(Caption-style text data)

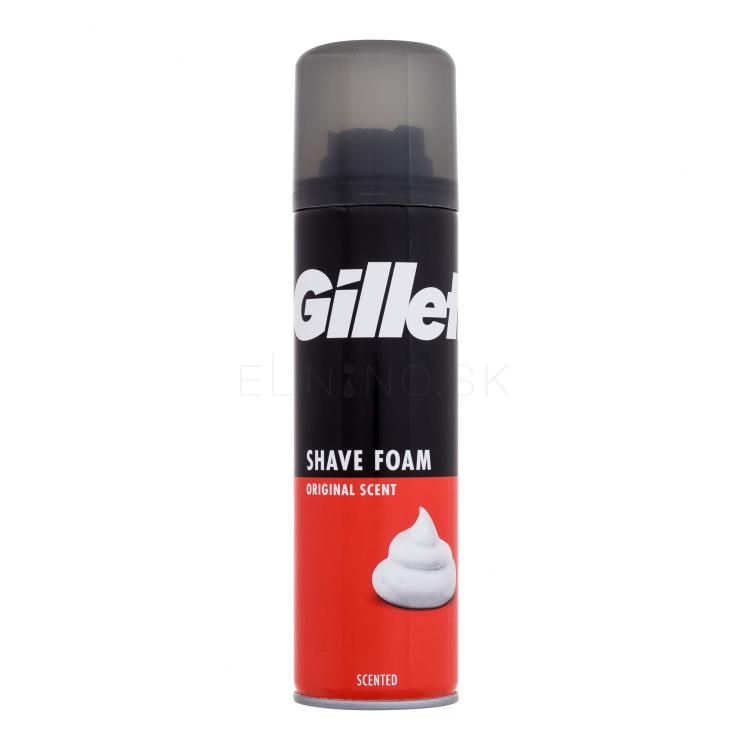 Gillette Shave Foam Original Scent Pena na holenie pre mužov 200 ml
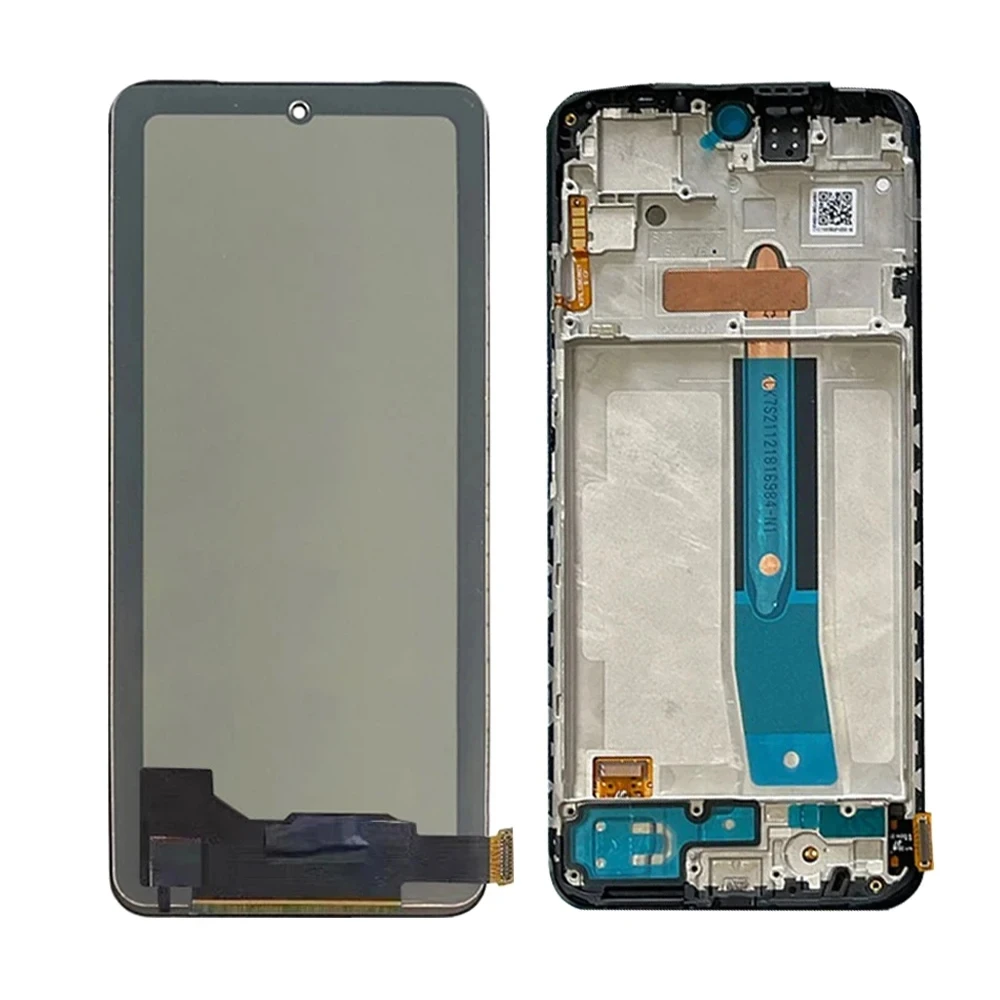 Display For Xiaomi Redmi Note 12S LCD Touch Screen Replacement For Redmi 2303CRA44A 23030RAC7Y 2303ERA42L New Digitizer Assembly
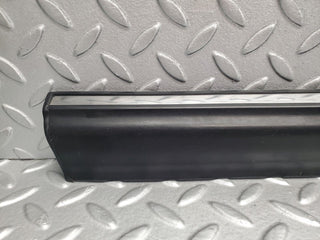 W123 Coupe right door lower moulding trim used OEM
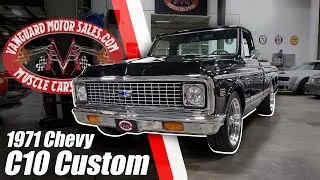 1971 Chevrolet C10 Custom For Sale Vanguard Motor Sales #2778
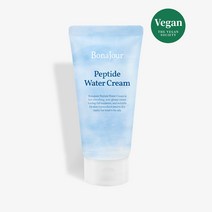 보나쥬르 비건 펩타이드 워터 크림 수부지 비건화장품 100ml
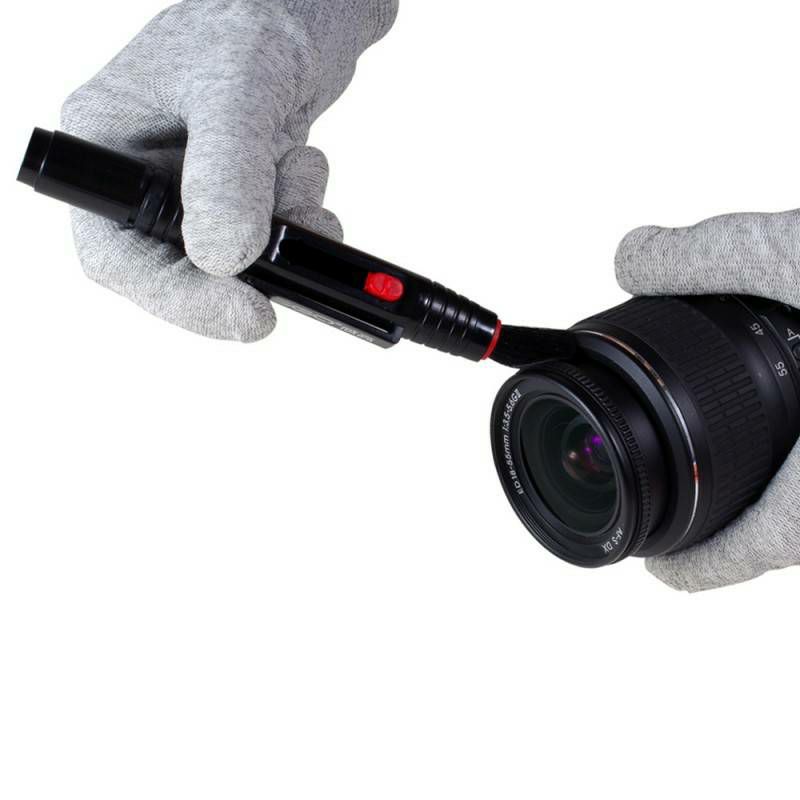 VSGO DKL-15R Red Optical cleaning KIT travel edition (1x Mini Air blower + 1x Lens Pen + 5x 15x15cm mikofibra + 1x Cleaning Cloth + 1x 30ml tekućina + 10x Wet wipes)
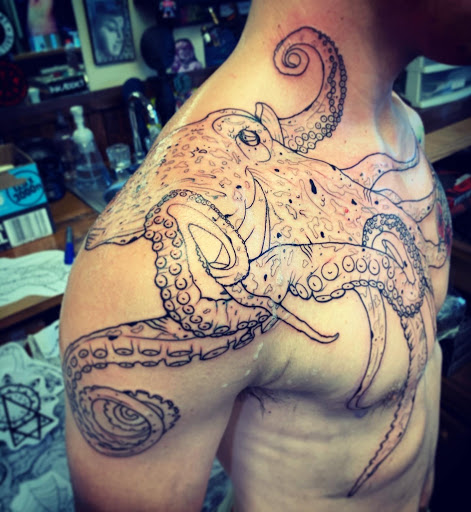 Explore family tattoos ideas, creative tattoo ideas in Williamsport, available at Moa Tattoos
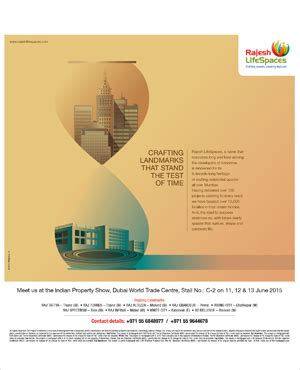 Real Estate Advertisements, Property Ads, Media – Rajesh LifeSpaces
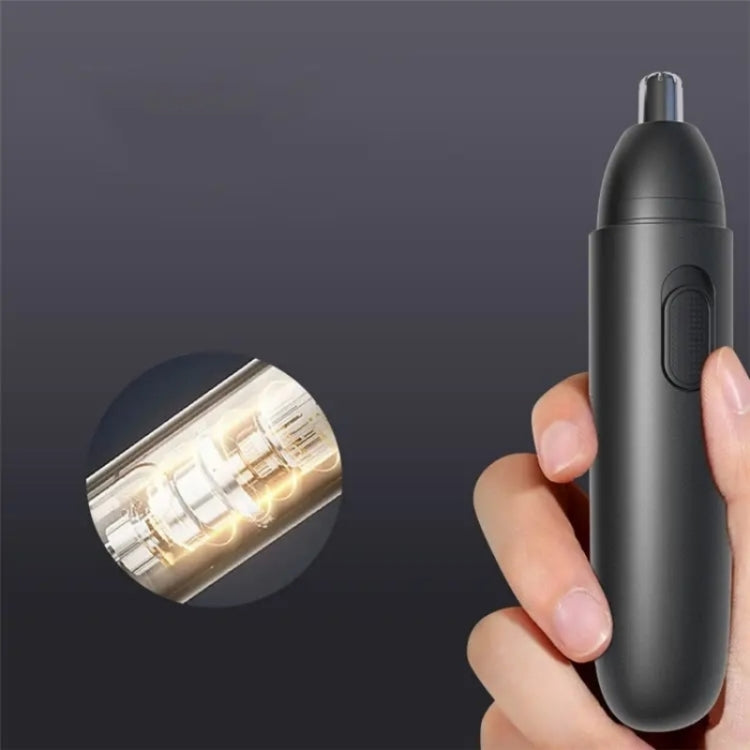 GT-2220A Portable Electric USB Rechargeable Nose Hair Trimmer(Black) - Electric Shavers by PMC TechLife | Online Shopping South Africa | PMC TechLife | Buy Now Pay Later Mobicred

(Problem)
The copy should start at the line that contains "W123 Coupe right", end at the last line of the entries above, and match each line exactly, with pictures dropped.

(Answer below)
 W123 Coupe right door lower moulding trim used OEM
 1971 Chevrolet C10 Custom For Sale Vanguard Motor Sales #2778
 보나쥬르 비건 펩타이드 워터 크림 수부지 비건화장품 100ml
 VSGO DKL-15R Red Optical cleaning KIT travel edition (1x Mini Air blower + 1x Lens Pen + 5x 15x15cm mikofibra + 1x Cleaning Cloth + 1x 30ml tekućina + 10x Wet wipes)
 Explore family tattoos ideas, creative tattoo ideas in Williamsport, available at Moa Tattoos
 Real Estate Advertisements, Property Ads, Media – Rajesh LifeSpaces
 GT-2220A Portable Electric USB Rechargeable Nose Hair Trimmer(Black) - Electric Shavers by PMC TechLife | Online Shopping South Africa | PMC TechLife | Buy Now Pay Later Mobicred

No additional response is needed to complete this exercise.